# iPhone ProRAW on Lightroom Mobile



## Larry Fasncht (Dec 15, 2020)

Any information on using Lightroom mobile with the new Apple ProRAW format?


----------



## clee01l (Dec 15, 2020)

Larry Fasncht said:


> Any information on using Lightroom mobile with the new Apple ProRAW format?



This was recently discussed in this thread:

https://www.lightroomqueen.com/community/threads/proraw-support.41777/#post-1277047

Sent from my iPad using Tapatalk


----------



## Larry Fasncht (Dec 15, 2020)

Ah, Thank you.  I did make a search but didn’t see that thread.


----------



## SpaceMonkey (Dec 20, 2020)

Is anyone else getting terrible results using pro raw and Lightroom mobile?  The images look fine in the photos app and when imported into Lightroom they are washed out as if the exposure was turned up +4. It’s unusable. I figured my copy of Lightroom hasn’t updated to get the new pro raw update but it is up to date.

Any thoughts?


----------



## SpaceMonkey (Dec 20, 2020)

Here is an image taken in proraw as it looks in the photos app and below is how it looks when imported into Lightroom mobile.


----------



## Larry Fasncht (Dec 21, 2020)

SpaceMonkey said:


> Is anyone else getting terrible results using pro raw and Lightroom mobile?  The images look fine in the photos app and when imported into Lightroom they are washed out as if the exposure was turned up +4. It’s unusable. I figured my copy of Lightroom hasn’t updated to get the new pro raw update but it is up to date.
> 
> Any thoughts?


I have an iPhone 12 Pro Max.  I took some shots with RAW enabled and turned on.  I have Lightroom mobile to auto import from Camera roll.  I shot a few photos with the built in camera in RAW.  I went to Lightroom mobile and they seemed fine.  Definitely not over exposed by 4+ stops.  Does this help?


----------



## SpaceMonkey (Dec 21, 2020)

Well sort of but not really because I have no idea what’s going wrong here. Did you seee the examples I posted above?  It’s beyond horrific.


----------



## SpaceMonkey (Dec 21, 2020)

I deleted Lightroom and reinstalled the app and it seems to be working fine now. The previous install was from when everything transferred from my old phone and this isn’t the only app that got wacky and had to be re installed.


----------



## SpaceMonkey (Dec 23, 2020)

...and the problem came back. I restarted my phone and it went away- proRAW files were imported into Lightroom correctly.  But it just came back again (exposure about 5 stops higher than the photo is taken at and how it looks in the photos app. I’ve switched back to Adobe RAW in ProCamera.   This is very weird how it comes and goes like this. I’d love some answer so I can use the supposedly superior proRAW.


----------



## schretter (Jan 2, 2021)

I have a related comment or maybe two.  The iPhone native edit app knows  how to apply the proraw tone mapping correctly so you get an image that is similar to the jpg.  Lightroom  does not allow is to carry the tone mapping information in the proraw DNG file but can be set to apply a  preset to a raw file inputted to it.  Often that is set with the Adobe Color profile.  Using that preset the proraw files seem to come in better but using the Apple Proraw profile generates  better color but with  a couple of stops less exposure. This can be easily corrected by hitting the auto exposure button.  So my current default process it to include the Apple Proraw profile in my default raw preset and hit auto exposure.  This seems to get close to the Apple editor version.


----------



## SpaceMonkey (Mar 21, 2021)

Still struggling with this. Not all but most images are waaaay overexposed when imported into Lightroom and it’s not just proRAW. It seems an update to LR caused this. I have to lower the exposure by about 1,5 stops for every image and then the shadows and highlights get all messed up. I honestly get better results just using the photos app. I’m getting very fed up with Adobe.

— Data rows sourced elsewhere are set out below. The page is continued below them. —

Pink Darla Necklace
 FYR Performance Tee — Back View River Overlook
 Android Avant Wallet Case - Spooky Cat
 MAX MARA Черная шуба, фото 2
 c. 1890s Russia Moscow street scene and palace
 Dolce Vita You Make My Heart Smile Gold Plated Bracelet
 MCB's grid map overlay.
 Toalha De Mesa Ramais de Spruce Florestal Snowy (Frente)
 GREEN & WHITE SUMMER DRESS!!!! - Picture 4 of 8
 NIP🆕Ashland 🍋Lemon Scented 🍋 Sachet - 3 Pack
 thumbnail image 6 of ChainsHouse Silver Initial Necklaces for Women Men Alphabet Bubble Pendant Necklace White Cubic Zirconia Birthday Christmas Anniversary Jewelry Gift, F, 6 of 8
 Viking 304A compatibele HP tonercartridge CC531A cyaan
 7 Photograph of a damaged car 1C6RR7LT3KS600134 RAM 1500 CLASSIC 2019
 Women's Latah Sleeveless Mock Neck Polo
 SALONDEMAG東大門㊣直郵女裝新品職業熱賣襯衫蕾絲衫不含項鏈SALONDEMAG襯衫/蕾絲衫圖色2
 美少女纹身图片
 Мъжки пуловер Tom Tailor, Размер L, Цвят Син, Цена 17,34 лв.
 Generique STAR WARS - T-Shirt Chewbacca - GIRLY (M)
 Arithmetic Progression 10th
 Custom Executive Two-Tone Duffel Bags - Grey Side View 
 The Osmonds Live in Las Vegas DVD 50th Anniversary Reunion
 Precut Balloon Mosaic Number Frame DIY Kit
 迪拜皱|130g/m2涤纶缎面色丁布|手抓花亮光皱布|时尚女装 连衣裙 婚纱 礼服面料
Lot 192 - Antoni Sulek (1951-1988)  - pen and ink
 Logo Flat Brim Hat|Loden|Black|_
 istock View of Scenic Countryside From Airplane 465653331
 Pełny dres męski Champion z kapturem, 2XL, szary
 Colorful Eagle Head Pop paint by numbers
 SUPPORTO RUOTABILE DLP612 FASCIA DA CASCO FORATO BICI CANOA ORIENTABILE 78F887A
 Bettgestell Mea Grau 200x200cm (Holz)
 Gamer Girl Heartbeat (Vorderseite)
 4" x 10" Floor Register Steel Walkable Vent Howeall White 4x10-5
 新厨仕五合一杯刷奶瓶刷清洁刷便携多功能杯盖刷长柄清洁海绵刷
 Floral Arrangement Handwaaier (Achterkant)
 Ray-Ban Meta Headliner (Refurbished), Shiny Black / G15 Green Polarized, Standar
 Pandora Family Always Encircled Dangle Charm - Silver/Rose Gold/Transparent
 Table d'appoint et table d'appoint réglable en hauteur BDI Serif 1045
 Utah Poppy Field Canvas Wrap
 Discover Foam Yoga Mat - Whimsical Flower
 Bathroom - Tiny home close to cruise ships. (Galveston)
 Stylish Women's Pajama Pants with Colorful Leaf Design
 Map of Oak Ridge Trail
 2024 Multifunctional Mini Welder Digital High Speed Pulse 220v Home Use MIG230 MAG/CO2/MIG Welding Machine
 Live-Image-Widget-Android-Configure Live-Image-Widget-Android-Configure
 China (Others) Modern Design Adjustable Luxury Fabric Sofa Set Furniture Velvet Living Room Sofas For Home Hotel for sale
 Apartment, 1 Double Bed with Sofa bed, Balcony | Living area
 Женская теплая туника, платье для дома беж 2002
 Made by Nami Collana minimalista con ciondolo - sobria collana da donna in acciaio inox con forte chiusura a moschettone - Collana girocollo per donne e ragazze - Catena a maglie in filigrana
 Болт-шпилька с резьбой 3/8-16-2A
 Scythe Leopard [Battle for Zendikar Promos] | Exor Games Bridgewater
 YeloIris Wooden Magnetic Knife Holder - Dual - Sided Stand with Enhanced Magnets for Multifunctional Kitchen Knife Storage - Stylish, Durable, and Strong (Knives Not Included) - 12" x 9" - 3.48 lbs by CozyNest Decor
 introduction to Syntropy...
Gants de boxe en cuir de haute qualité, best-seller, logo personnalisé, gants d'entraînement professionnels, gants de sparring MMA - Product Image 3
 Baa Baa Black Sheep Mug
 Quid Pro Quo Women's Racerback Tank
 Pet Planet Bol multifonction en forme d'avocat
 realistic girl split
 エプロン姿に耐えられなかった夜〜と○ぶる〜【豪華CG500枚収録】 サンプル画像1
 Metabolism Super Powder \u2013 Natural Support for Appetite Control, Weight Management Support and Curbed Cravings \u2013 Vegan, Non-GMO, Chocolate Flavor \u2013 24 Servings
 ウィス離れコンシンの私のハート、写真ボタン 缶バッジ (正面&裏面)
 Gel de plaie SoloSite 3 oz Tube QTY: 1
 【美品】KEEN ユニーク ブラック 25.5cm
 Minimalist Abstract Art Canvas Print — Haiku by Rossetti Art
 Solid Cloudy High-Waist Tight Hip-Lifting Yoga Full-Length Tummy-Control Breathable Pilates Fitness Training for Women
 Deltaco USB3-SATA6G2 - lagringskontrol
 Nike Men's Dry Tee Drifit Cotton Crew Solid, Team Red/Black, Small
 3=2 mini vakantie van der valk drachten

this is confounded by the ridiculous unchangable black background  in LR which is very difficult to edit with.  I constantly have to export the images to the photos app and check with a white background and they are often way off. Then it’s a guess and check game. Even more fed up.


----------



## Victoria Bampton (Mar 23, 2021)

SpaceMonkey said:


> Still struggling with this. Not all but most images are waaaay overexposed when imported into Lightroom and it’s not just proRAW. It seems an update to LR caused this. I have to lower the exposure by about 1,5 stops for every image and then the shadows and highlights get all messed up. I honestly get better results just using the photos app. I’m getting very fed up with Adobe.



On all file formats or just ProRaw ones? What defaults do you have set in Settings > Import?


----------